▶ _ABOUT THIS EXERCISE_
The data must be reproduced verbatim; images are to be omitted.

▶ _Records from a data source_

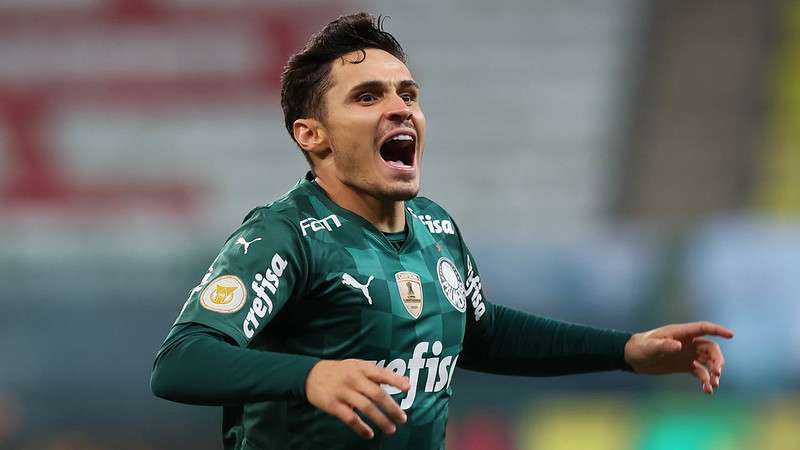 Raphael Veiga comemora o golaço contra o SCCP no Allianz Parque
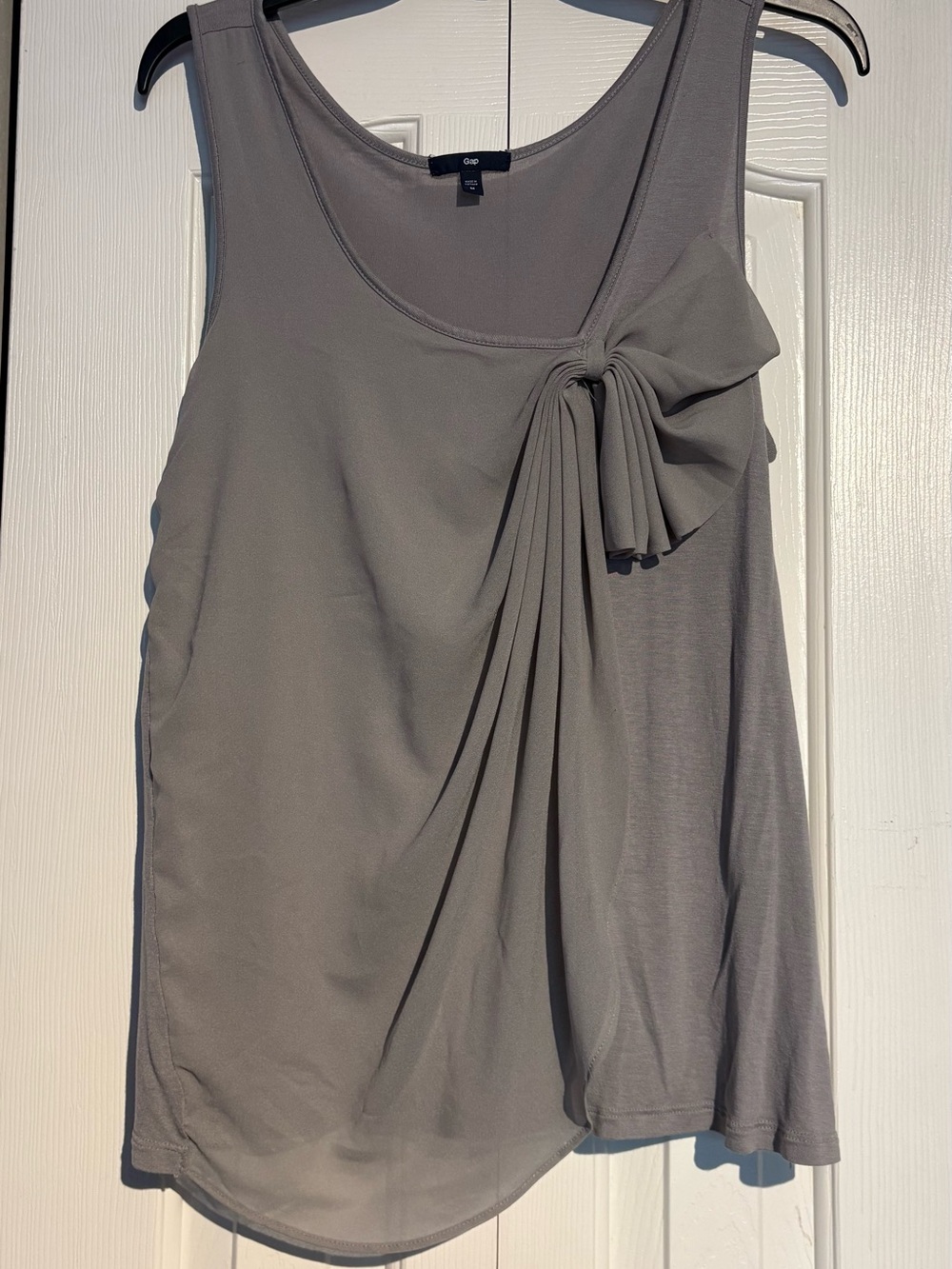 GAP Women's Light Gray Sleeveless Bow-Accent Camisole - Picture 1 of 6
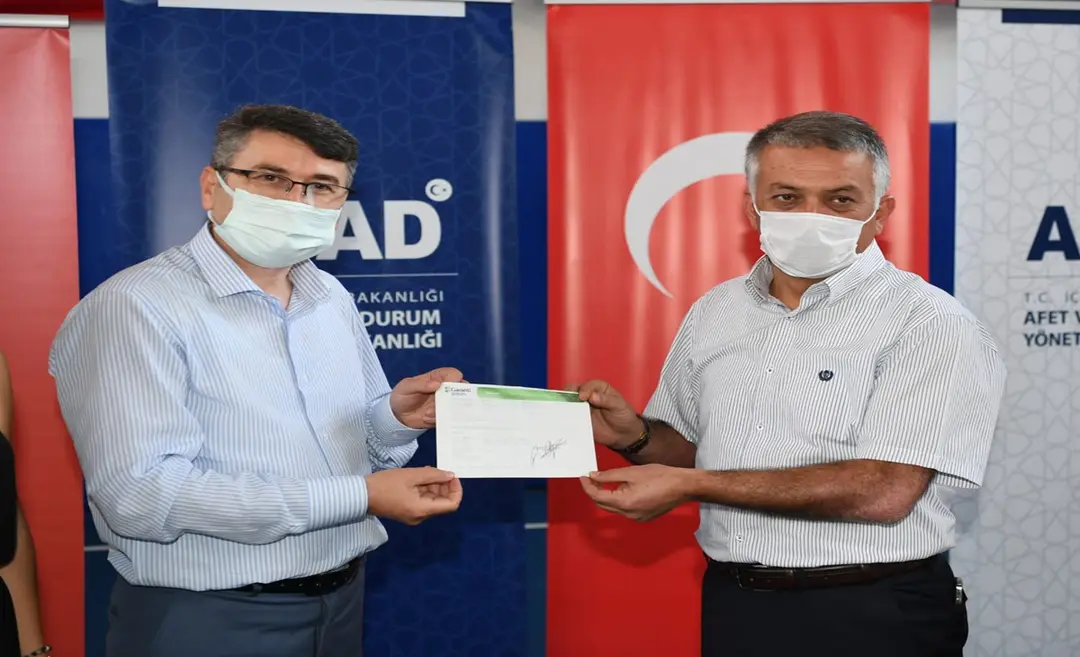 Türkiye Mezunlarından Anlamlı Destek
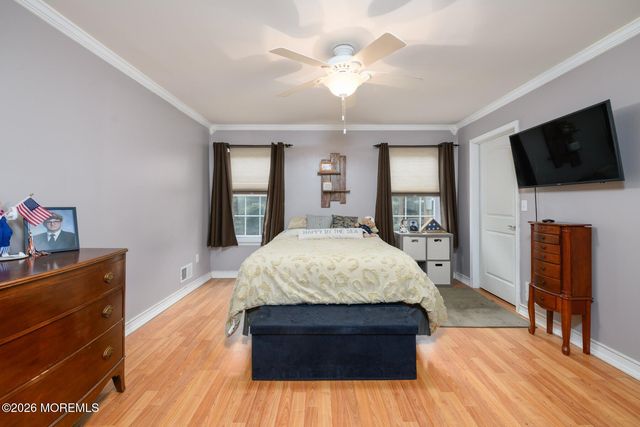 210 Raritan Place, North Middletown, NJ 07748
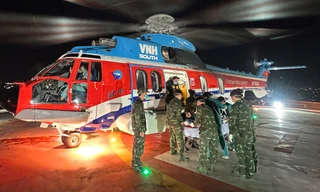 Quân đội điều trực thăng đưa quân nhân từ Trường Sa về đất liền cấp cứu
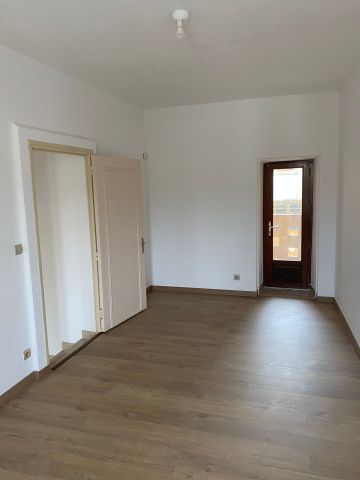 Location Appartement 3 pièces 48m² LES VANS 07140 - Photo 3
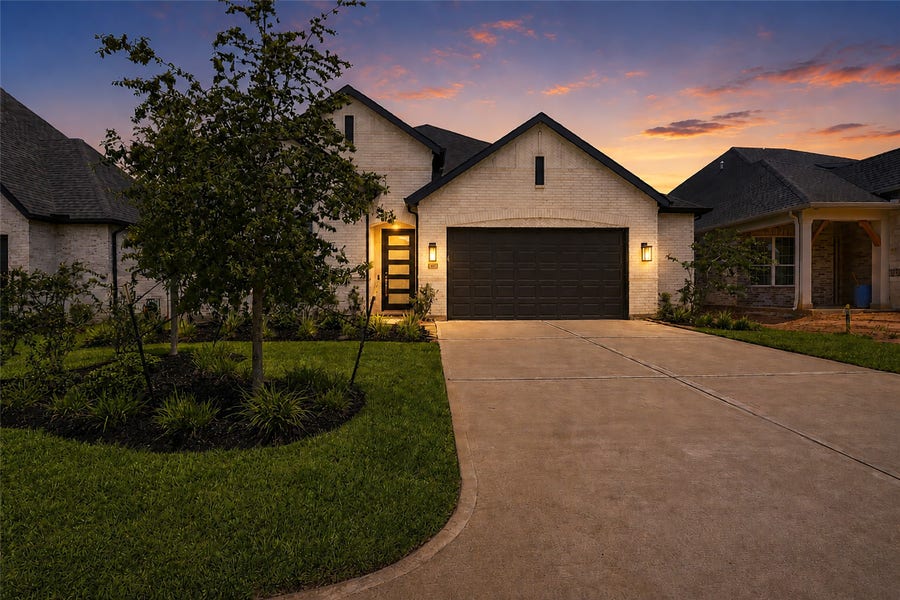 Property photo for 407 Flat Rock Trail, Conroe, TX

▶ _SOLUTION FOR THIS PROBLEM_
 Raphael Veiga comemora o golaço contra o SCCP no Allianz Parque
 GAP Women's Light Gray Sleeveless Bow-Accent Camisole - Picture 1 of 6
 Türkiye Mezunlarından Anlamlı Destek
 210 Raritan Place, North Middletown, NJ 07748
 Quân đội điều trực thăng đưa quân nhân từ Trường Sa về đất liền cấp cứu
 Location Appartement 3 pièces 48m² LES VANS 07140 - Photo 3
 Property photo for 407 Flat Rock Trail, Conroe, TX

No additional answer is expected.